AP Finally Apologizes to Reporter Fired For Scooping End of WWII

AP
Alexander Abad-Santos 757 Views May 4, 2012

Imagine getting fired for reporting the scoop that WWII had ended. Well that's exactly what happened to journalist Edward Kennedy, and it's taken The Associated Press 67 years to apologize, but he isn't alive to enjoy the vindication. "It was a terrible day for the AP. It was handled in the worst possible way," said president and CEO Tom Curley in an AP report today, adding that the 2007 publication of Breaking News: How the Associated Press Has Covered War, Peace, and Everything Else  along with Kennedy's own memoir, Ed Kennedy's War: V-E Day, Censorship & The Associated Press prompted the apology. 

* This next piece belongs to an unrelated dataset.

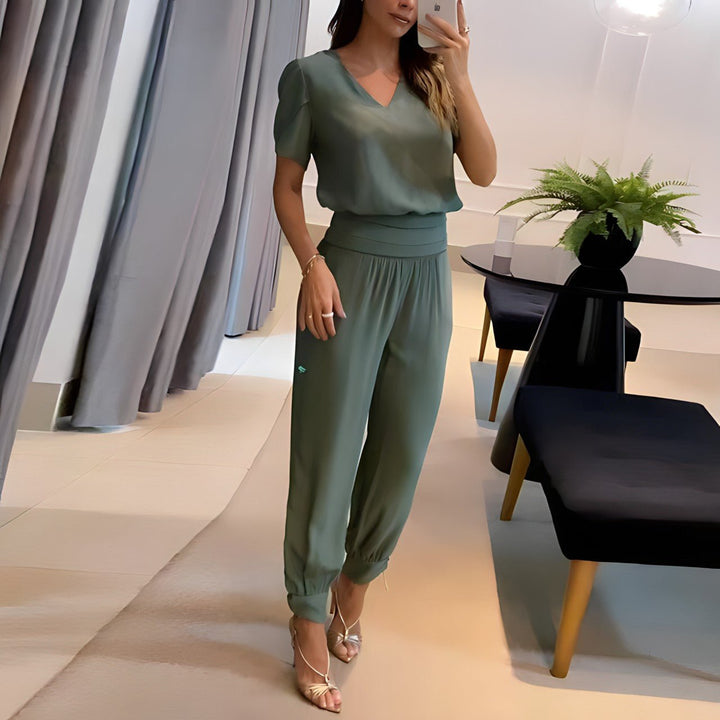 A woman wearing a plain V-neck top with geometric print slim trousers, chic and comfortable.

Kennedy's story, in today's world of journalism where outlets try to beat each other by nanoseconds, reads almost like a fable:  Kennedy had reported, a full day ahead of his competitors, the scoop that the Germans had surrendered unconditionally in France, thus ending WWII. As NPR reports, "Edward Kennedy was among a small group of reporters taken by Allied military officials to witness the May 7, 1945, surrender by German forces at a schoolhouse in Reims, France." But because Truman and Churchill wanted to suppress the news of the surrender, The AP "publicly rebuked" Kennedy and fired him. (This is so unreal to your blogger that he's suppressing the urge to break his own jaw.)

"Kennedy, who died in a traffic accident in 1963, had long sought such public vindication from his old employer," writes the AP, noting that Kennedy was adamant in believing that he "did everything just right." You'll find no complaints here.